> _Data for this task_
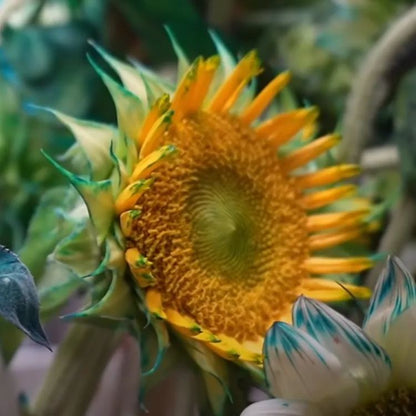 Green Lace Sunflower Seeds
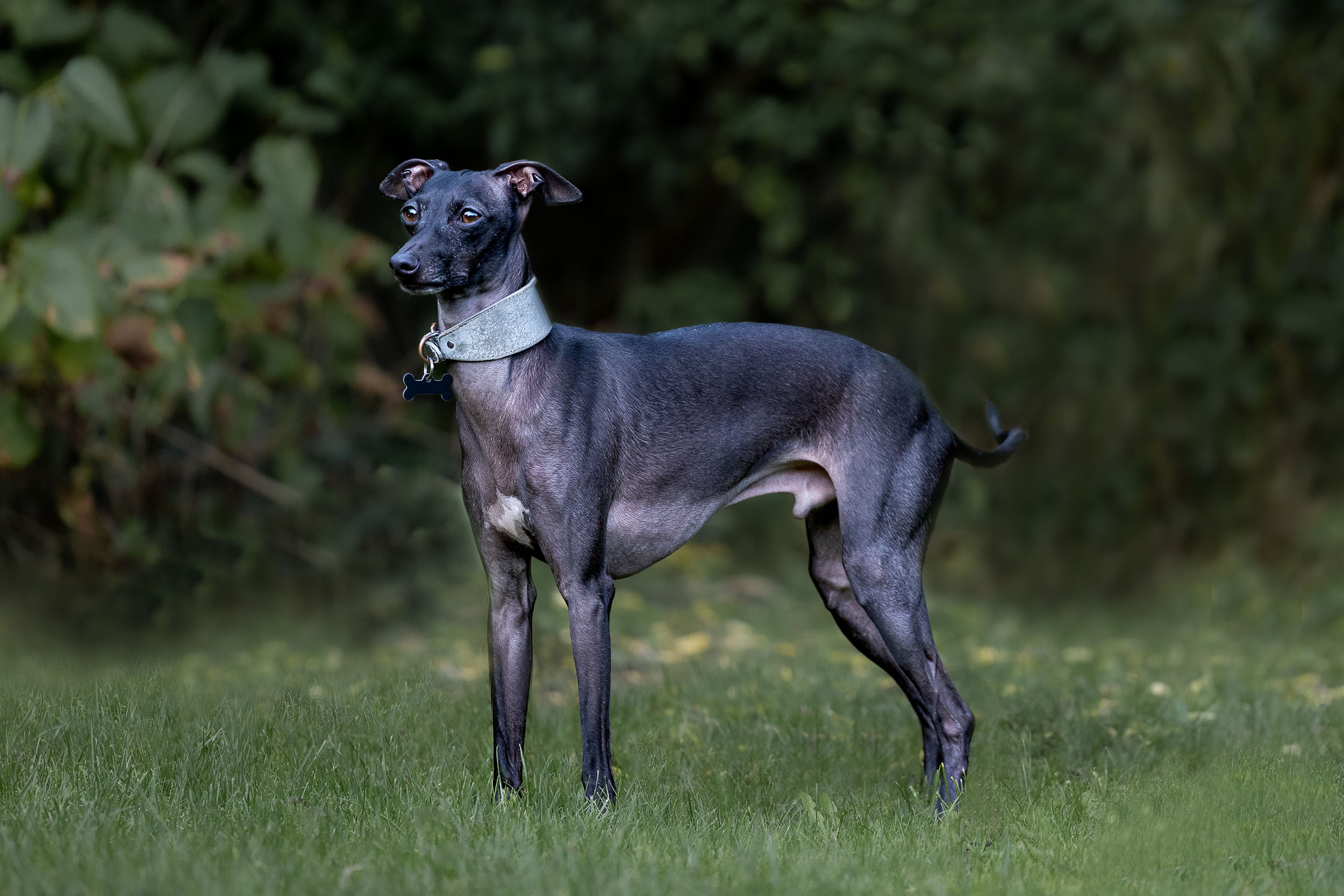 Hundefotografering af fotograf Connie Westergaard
...
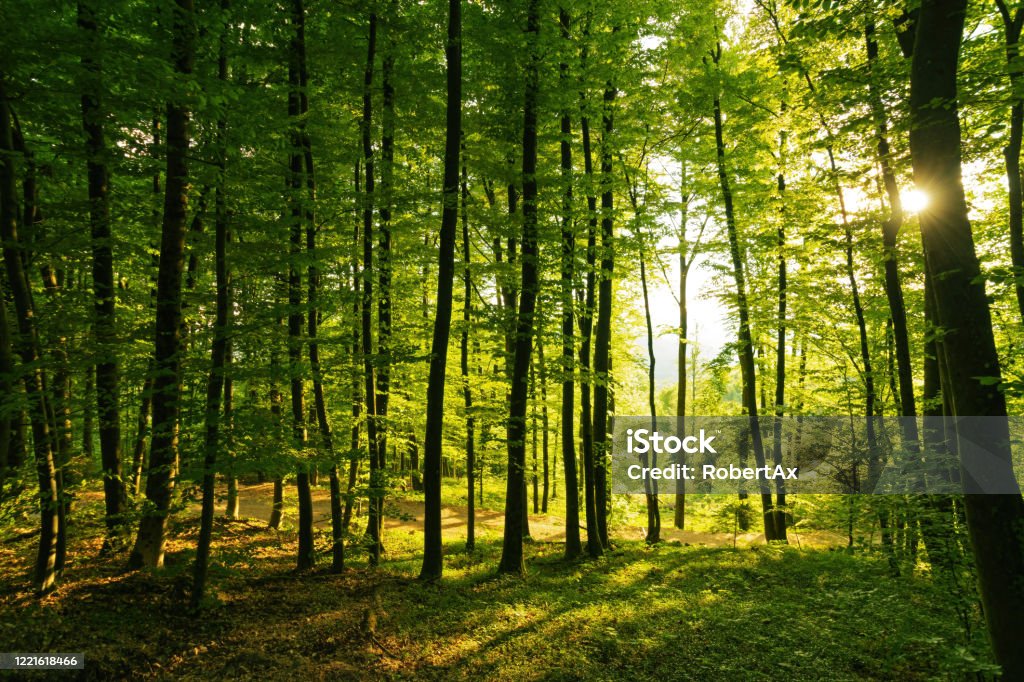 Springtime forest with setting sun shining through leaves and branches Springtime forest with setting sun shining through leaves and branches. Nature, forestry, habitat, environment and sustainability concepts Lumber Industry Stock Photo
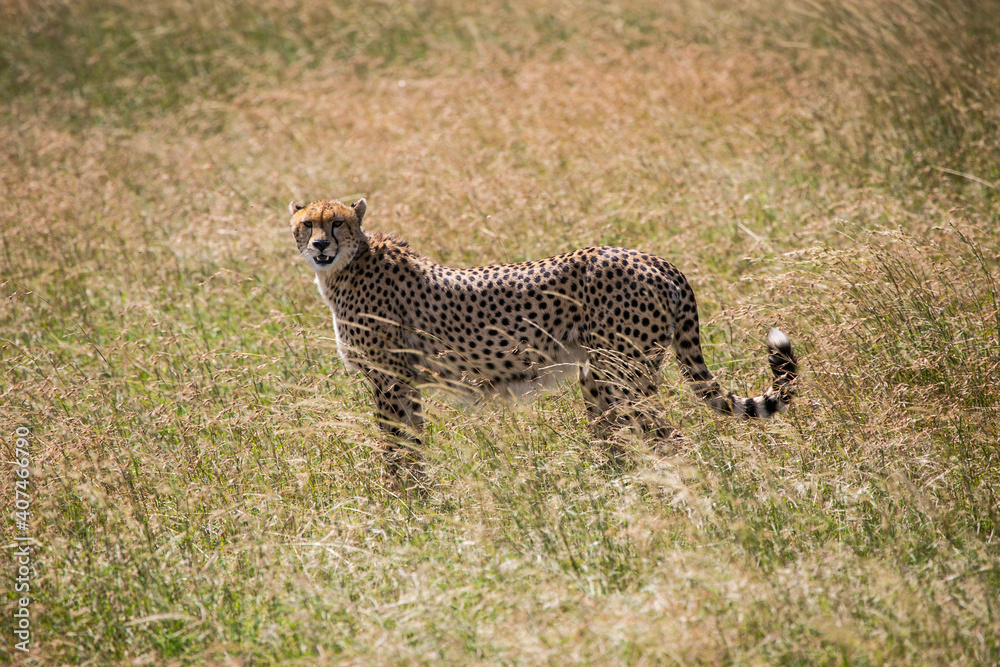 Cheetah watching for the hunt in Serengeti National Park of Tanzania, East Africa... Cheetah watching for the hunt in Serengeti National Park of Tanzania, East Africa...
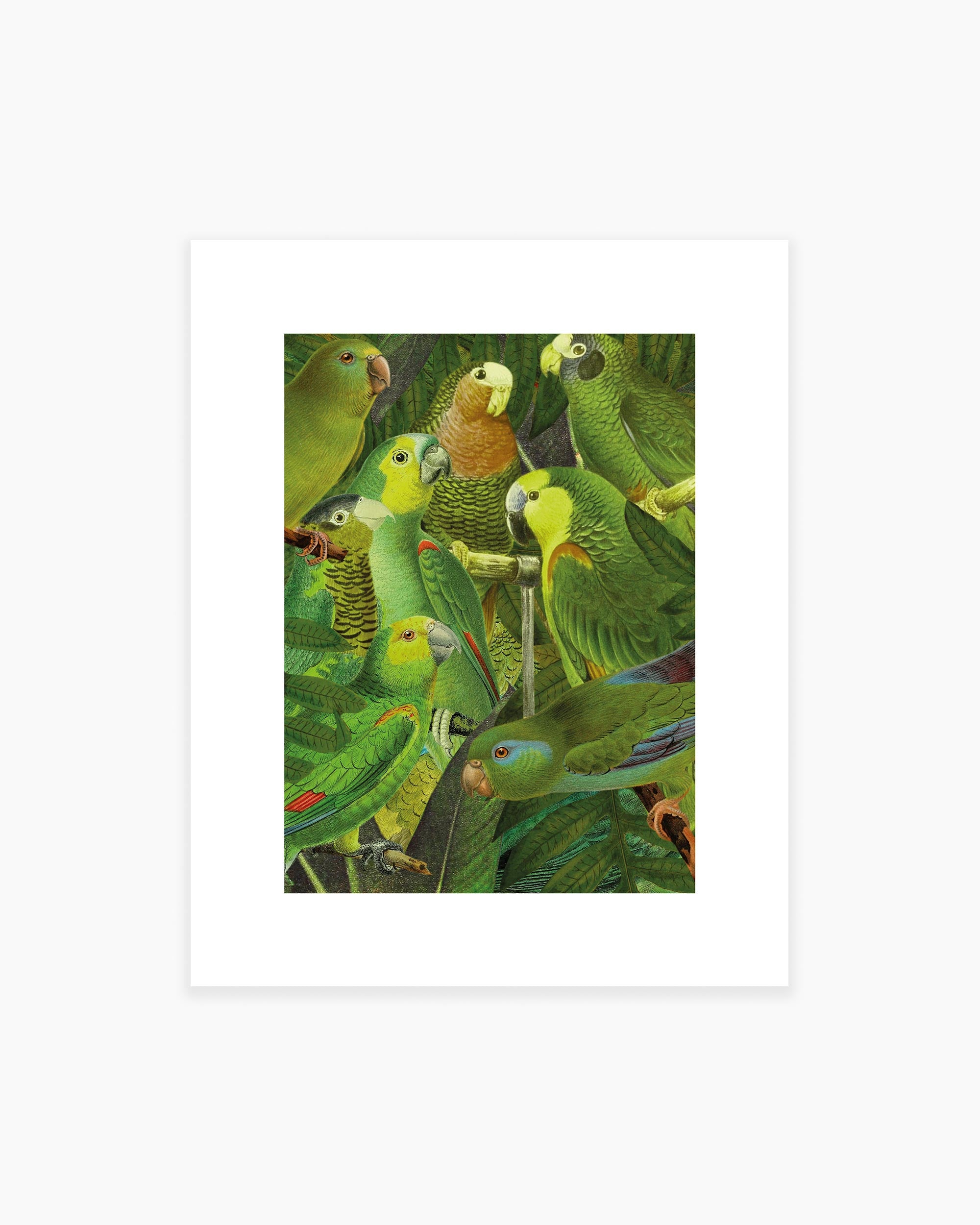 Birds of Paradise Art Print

> _Task directions_
Transcribe, from the material above, the stretch starting at the line with "East Africa... Cheetah" and ending at the line with "Birds of Paradise Art Print", both included, exactly. Do not carry over pictures.

> _Written solution_
 Cheetah watching for the hunt in Serengeti National Park of Tanzania, East Africa... Cheetah watching for the hunt in Serengeti National Park of Tanzania, East Africa...
 Birds of Paradise Art Print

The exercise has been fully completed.